4.4.1944. Ein Datum, ein Schicksal, eine Gebürtigkeit. Für das Kind, das in Bad Hall das damals dunkle Licht der Welt erblickte, standen die Sterne keineswegs günstig, aber drei mutige jüdische Frauen sicherten letztlich sein Überleben. Seine Mutter Gerti, die Fürsorgerin Franziska Löw und die Kinderschwester Mignon Langnas. Sein Vater, ein jüdischer Kommunist, kam im KZ um.

Mit seiner aus Auschwitz zurückgekehrten Mutter wuchs Robert in Wien heran und wurde so manches.
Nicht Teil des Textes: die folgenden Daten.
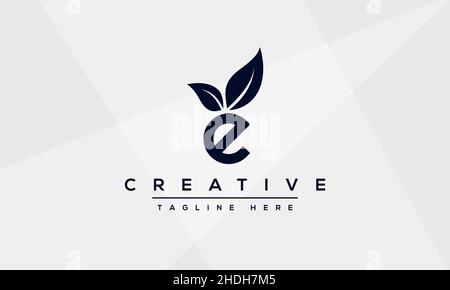 Design moderne unique et créatif lettre E logo, minimaliste E initial basé vecteur EE icône Illustration de Vecteur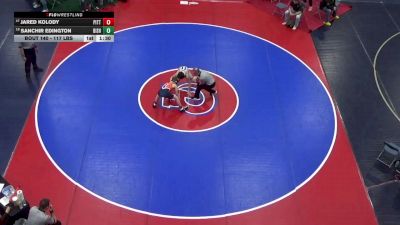 117 lbs Round Of 64 - Jared Kolody, Pittston Area vs Sanchir Edington, Bishop McCort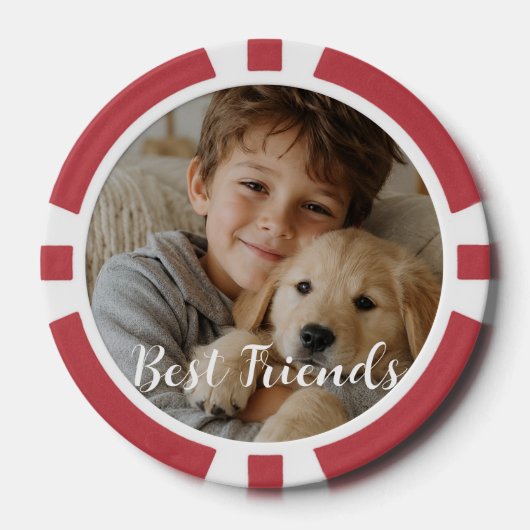 Maak je eigen huisdier poker chips (Voorkant)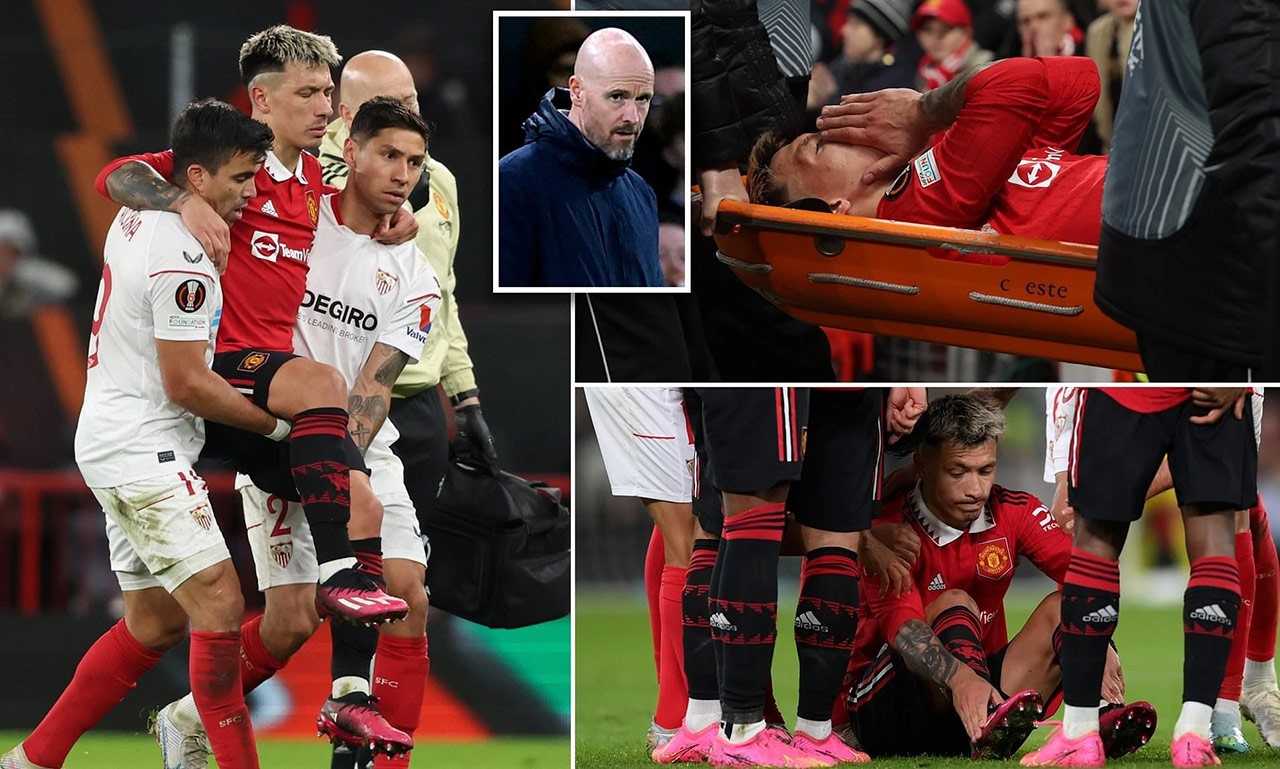 Lisandro Martinez chấn thương nghỉ hết mùa giải, Man Utd phá sản mục tiêu ăn 4?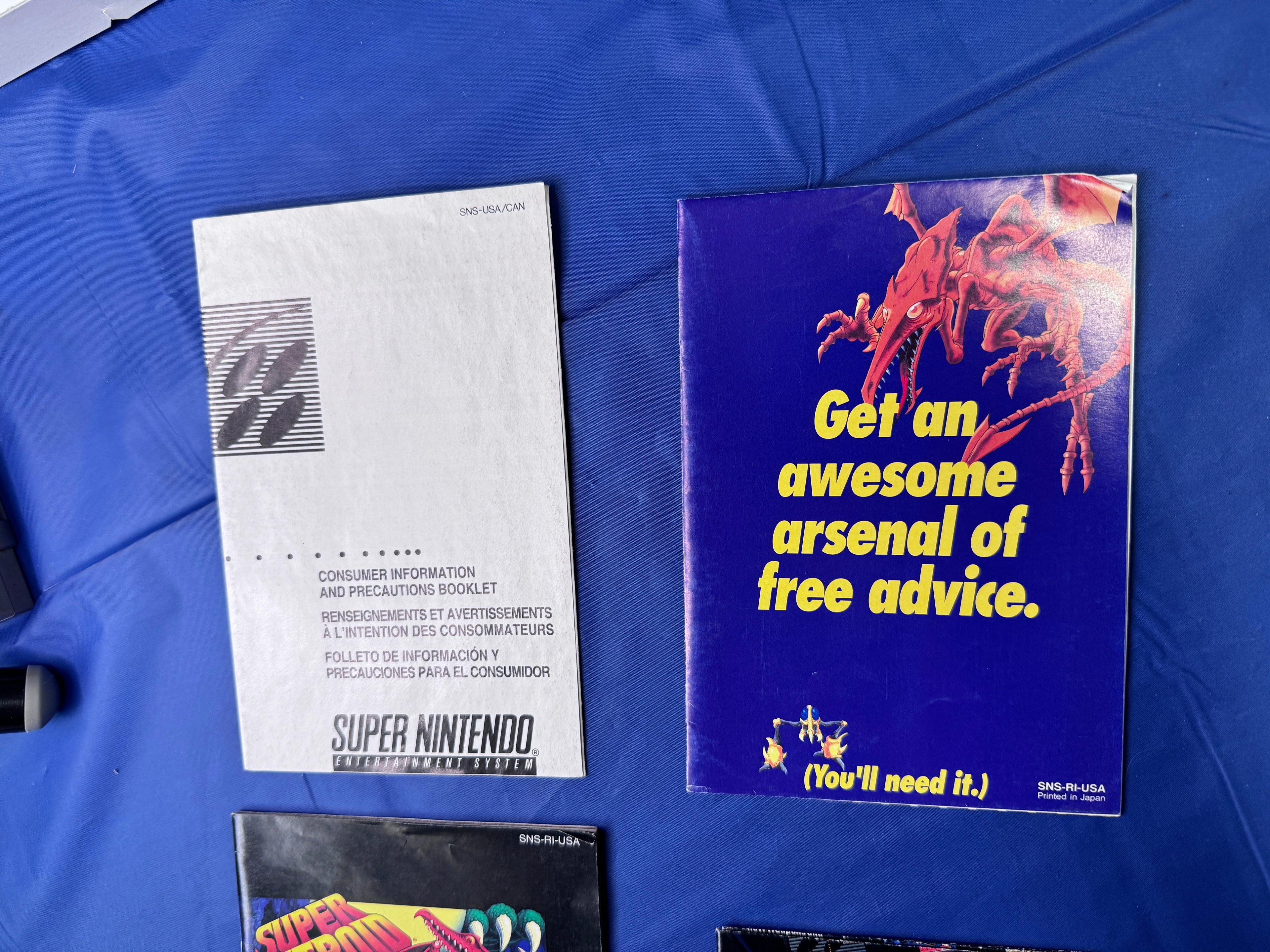 Super Metroid - Super Nintendo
Schulabbrecher, Buchhändler, Student der Philosophie, Maoist, Kommunarde, Nachtredakteur und schließlich freier Schriftsteller, Romancier, Lyriker und Essayist, Lehrender, Juror und Literaturvermittler. Ein echter Alt-68er und kantiger Zeitgenosse.
Ein Liebender, ein Freund, ein Mensch.

Bekenntnisse. „Ich bin ein Jud aus Wien“, so seine Selbstbeschreibung in einem Gedicht aus der Waldheim-Zeit, in der seine „Neschome“, die jüdische Seele, aus allen anderen Identitäten heraus aperte. Aber dann gleich und fortan mit allen Konsequenzen. Robert trat der Kultusgemeinde bei, „denn wenn man als Jude spricht, soll man auch Steuern zahlen und sich zur Gemeinde bekennen“, und entdeckte seine Liebe zu Israel.
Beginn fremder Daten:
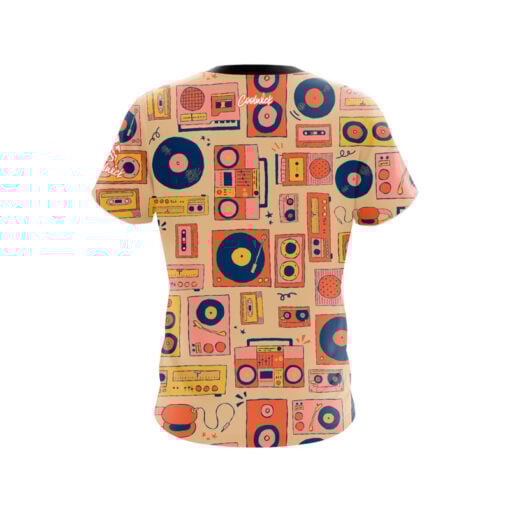 Vintage Music CoolWick Bowling Jersey - Image 2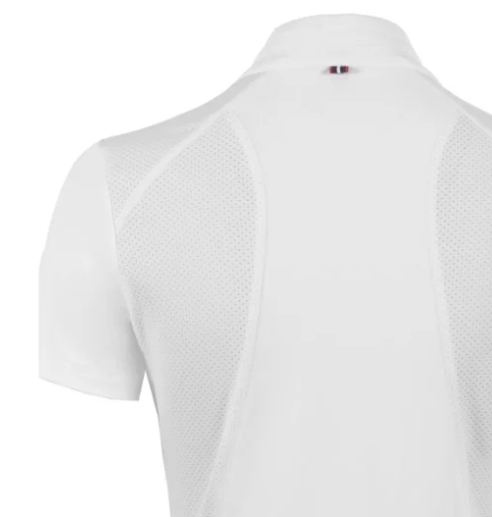 Cavallo Caval Competition Half Zip Shirt White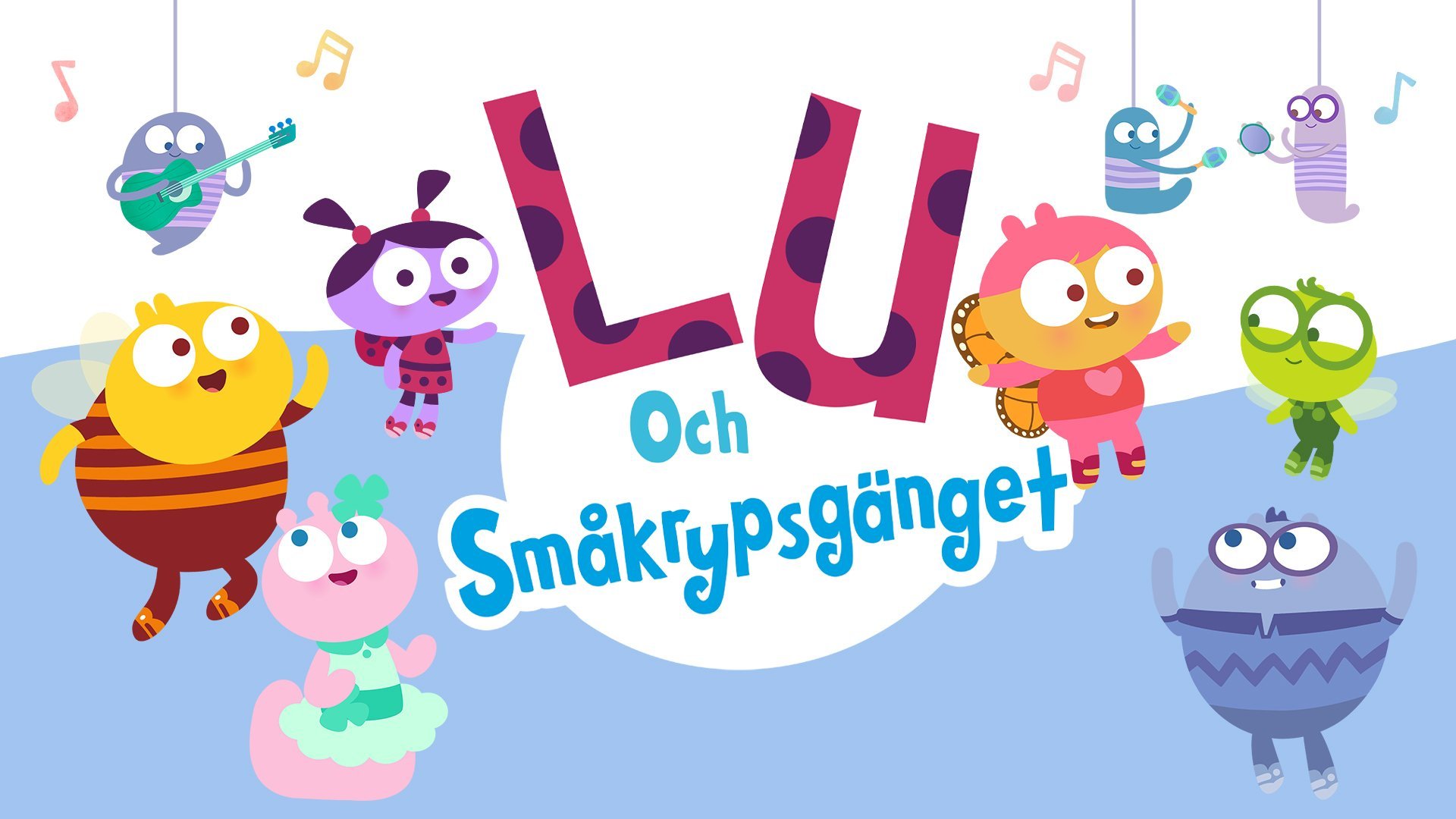 Lu och Småkrypsgänget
„Erst nach Überwindung der linken antizionistischen Weltanschauung habe ich eingesehen, dass es einen jüdischen Staat auch für die Juden in der Diaspora geben muss, und habe angefangen, mich dazu zu bekennen. Das heißt ja nicht, dass ich alles gut finde. Man muss halt zwei Arten von Diskussionen führen. Eine führt man dort, die andere führt man hier, so geht es ja vielen jüdischen Menschen.“ Was er mir so vor Jahren in einem Interview erklärte, dazu steht er heute umso mehr.
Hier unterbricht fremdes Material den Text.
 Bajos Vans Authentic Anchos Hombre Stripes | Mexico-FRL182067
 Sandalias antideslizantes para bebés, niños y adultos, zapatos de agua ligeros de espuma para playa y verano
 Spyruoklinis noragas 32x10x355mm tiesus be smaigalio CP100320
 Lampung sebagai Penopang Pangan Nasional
„Ich bin ein Jud aus Wien“
Robert Schindel

Vergangenheiten. Mit dem später verfilmten Erfolgsroman Gebürtig, einer Landmark der österreichischen Nachkriegsliteratur, stimmte der Opernfreund mit einem mächtigen Akkord 1992 sein Lebensthema an: die literarische Aufarbeitung der Shoah, einer nicht vergangenen Vergangenheit, die er mit dem kritischen Zeitpanorama Der Kalte fast zwanzig Jahre danach weiterführte. Der letzte Band seiner Die Vorläufigen genannten Trilogie, seiner epischen Bilanz der schicksalhaften Gebürtigkeiten des 20. Jahrhunderts, steht noch aus. Er soll semifiktiv und beispielhaft die Lebensgeschichte seiner Mutter erzählen, einer aktiven Kommunistin und Widerstandskämpferin, deren Ideale, Utopien und Hoffnungen an den Schrecken der Zeitläufte zerbrechen mussten. Der Titel Genia und die lichte Zukunft steht für Robert fest und dass er im Juni 2025 abgeschlossen sein soll. Warum nun dieser Terminstress, wo er doch eher ein bedächtiger Schreibender ist, hab ich ihn kürzlich gefragt. Robert, wie in den letzten Jahren so oft an der Seite seiner späten Liebe Theresia Ritter, schüttelte langsam den noch immer schwarzen Lockenkopf und meinte leise lächelnd: „Ich muss mich jetzt beeilen, denn ich will ihn beenden, solange ich noch bei Sinnen bin.“

Schreiben ist für ihn eine Art „Angstbannung“, das Anschreiben gegen Albträume aus frühester Kindheit mit ein Motiv seiner literarischen Arbeit. Schreiben gegen das Vergessen wohl auch, und deshalb muss Robert Schindel noch lange weiter schreiben. Bis 120!